The job is not for the faint of heart, nor for those not willing to work the gauntlet of demands brought on by this titan of an employer in one of the leading culinary cities in the world. But those who do, they do so with the humility of providing for their family and the expectations of one day reaching the end of their marathon.
Enter Bob Harwood. At age 72 (almost 73) and after a combined 54 years with Ralton and Sysco-Chicago, Bob, the most senior driver in seniority, has finally crossed his finish line. I reached out to my former co-worker to congratulate him on his retirement and he agreed to meet for breakfast along with Local 710 Secretary Treasurer and Principal Officer, Mike Cales.

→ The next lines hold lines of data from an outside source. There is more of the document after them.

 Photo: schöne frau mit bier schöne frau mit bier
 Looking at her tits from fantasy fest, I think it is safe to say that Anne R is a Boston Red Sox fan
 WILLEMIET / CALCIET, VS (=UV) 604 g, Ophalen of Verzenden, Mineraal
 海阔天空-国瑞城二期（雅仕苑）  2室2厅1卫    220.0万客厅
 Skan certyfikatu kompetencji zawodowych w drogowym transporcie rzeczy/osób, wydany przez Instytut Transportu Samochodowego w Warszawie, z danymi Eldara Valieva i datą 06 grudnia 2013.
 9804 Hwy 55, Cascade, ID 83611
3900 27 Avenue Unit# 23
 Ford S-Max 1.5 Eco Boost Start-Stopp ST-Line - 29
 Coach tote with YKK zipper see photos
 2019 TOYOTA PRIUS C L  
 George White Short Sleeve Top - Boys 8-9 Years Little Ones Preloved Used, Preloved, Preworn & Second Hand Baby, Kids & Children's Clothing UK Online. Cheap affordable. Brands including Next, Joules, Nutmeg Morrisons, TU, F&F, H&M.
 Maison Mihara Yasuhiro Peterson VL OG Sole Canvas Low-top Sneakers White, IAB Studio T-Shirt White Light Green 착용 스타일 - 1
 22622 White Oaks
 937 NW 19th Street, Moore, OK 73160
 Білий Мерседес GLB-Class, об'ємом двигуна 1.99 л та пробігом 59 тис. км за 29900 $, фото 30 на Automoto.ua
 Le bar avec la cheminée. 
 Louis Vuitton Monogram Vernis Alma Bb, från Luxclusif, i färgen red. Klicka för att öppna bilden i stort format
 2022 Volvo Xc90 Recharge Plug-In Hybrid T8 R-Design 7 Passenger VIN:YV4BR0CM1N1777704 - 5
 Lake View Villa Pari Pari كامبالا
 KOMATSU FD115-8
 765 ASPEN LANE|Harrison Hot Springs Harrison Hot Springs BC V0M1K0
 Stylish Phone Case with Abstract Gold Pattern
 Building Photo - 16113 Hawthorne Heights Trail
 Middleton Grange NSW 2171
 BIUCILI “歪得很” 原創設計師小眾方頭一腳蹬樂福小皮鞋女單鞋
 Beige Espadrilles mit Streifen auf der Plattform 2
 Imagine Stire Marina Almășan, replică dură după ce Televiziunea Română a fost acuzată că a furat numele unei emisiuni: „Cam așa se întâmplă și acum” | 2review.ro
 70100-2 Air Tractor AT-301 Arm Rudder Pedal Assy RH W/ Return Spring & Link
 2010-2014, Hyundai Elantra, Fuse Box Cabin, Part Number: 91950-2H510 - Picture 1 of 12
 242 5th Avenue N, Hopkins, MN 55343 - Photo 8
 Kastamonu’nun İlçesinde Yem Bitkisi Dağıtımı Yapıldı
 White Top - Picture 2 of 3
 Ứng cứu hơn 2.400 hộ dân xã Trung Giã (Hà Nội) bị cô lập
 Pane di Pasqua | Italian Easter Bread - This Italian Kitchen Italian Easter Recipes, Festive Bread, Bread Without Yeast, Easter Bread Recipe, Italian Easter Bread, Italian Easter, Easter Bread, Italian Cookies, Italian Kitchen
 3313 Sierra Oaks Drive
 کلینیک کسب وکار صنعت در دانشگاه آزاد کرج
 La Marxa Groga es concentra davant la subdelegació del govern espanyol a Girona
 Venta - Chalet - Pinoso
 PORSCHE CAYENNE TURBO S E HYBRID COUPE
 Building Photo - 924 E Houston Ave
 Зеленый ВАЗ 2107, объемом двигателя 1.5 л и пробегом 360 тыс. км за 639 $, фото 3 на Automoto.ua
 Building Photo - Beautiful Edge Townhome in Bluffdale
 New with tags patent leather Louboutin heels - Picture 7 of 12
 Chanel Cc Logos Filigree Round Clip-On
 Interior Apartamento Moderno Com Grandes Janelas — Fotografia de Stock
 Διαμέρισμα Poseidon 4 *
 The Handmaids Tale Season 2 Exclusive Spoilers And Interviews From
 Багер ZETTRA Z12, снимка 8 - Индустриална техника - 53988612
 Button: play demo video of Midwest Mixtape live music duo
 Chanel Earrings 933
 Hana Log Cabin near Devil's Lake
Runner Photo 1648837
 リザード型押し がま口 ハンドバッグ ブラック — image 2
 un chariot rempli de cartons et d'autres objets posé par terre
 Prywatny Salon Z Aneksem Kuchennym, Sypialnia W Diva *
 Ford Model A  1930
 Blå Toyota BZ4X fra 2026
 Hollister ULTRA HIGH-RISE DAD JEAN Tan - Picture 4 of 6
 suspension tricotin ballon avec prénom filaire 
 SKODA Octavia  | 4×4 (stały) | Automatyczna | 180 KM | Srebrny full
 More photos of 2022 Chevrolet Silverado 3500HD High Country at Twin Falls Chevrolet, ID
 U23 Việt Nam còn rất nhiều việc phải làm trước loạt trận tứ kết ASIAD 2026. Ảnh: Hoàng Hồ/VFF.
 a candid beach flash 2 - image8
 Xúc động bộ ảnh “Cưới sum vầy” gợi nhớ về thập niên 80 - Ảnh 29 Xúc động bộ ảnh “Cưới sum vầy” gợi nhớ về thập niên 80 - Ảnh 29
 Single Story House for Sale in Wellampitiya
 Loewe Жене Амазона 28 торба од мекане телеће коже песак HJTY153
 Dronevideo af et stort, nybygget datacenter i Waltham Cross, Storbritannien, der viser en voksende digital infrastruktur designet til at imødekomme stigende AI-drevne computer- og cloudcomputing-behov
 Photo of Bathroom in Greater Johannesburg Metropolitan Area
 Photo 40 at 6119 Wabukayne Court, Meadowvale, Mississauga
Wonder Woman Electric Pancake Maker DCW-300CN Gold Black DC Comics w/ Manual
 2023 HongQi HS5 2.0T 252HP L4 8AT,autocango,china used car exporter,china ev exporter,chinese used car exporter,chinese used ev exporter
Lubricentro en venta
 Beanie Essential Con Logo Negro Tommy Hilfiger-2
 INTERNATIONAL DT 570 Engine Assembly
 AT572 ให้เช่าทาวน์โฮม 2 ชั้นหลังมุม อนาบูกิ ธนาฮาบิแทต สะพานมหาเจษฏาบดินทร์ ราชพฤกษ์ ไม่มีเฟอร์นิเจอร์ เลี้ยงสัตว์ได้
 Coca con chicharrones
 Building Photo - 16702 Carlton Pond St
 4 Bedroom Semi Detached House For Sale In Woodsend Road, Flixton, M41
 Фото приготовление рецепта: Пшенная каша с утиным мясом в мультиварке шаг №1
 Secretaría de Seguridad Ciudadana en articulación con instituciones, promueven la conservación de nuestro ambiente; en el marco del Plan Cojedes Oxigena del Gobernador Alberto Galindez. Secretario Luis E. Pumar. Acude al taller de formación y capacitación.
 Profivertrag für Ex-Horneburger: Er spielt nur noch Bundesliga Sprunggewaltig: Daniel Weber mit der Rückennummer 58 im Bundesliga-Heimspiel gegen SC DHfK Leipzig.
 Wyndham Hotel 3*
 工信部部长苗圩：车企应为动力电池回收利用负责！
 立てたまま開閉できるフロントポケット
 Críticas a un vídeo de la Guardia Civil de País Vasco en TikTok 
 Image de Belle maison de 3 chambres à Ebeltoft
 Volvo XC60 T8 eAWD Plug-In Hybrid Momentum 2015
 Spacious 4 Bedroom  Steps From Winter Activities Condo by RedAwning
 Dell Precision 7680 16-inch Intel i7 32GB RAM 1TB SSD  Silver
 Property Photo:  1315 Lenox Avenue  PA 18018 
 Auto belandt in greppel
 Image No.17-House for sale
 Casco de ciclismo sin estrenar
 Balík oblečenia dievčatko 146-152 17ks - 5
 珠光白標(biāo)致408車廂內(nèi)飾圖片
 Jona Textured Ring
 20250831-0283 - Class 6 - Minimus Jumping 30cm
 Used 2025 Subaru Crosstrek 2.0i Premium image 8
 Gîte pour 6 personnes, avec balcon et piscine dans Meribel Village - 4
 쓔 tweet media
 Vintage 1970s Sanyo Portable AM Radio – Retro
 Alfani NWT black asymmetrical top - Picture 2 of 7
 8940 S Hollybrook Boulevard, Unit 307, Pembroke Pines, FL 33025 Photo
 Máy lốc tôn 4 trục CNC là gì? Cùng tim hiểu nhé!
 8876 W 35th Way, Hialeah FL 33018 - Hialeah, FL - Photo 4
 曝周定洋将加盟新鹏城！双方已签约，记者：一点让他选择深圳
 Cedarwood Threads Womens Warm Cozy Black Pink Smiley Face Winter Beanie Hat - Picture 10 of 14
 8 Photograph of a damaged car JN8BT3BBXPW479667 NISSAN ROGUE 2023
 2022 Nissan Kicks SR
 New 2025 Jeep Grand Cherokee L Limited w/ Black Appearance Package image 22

Hired on May 6, 1965 at the tender age of 18, Bob recalls how he was offered the job by a Barney Keegan (CTDU) and started driving off of the then Kedzie Avenue location. The minimum wage back then was a whopping $1.25 an hour, but as a union driver, Bob earned $3.25 an hour. It was too good of job for him to pass up. “The funny thing is”, he recalls, “the amount of hours I worked everyday at the age of 18 are the same amount of hours I worked everyday at the age of 72.”
As a former Sysco driver myself, I had the privilege of working alongside this triathlon group from 2004-2011 and was honored to serve as one of four Union Stewards during my time. I looked up to Bob because he was one of the few die-hard downtown drivers who knew every nook and cranny of the city, all without the luxury of GPS. He was always willing to lend a hand whenever he was needed.
When I asked Bob what advice he would give to the newer Sysco drivers, he said, “Get out while you can. Don’t let the job destroy your body,” – words that gave me peace of mind.
In the 54 years as a driver, Bob said that the best thing was being part of Local 710. Bob retired from Sysco-Chicago on May 17, 2019 and will continue to care for his wife of 53 years.
To one of the toughest men I know,
To a true die hard,
To the Ironman Triathlete of Sysco-Chicago,
Congratulations, Bob Harwood, on your retirement. May you be blessed with many years of good health and happiness.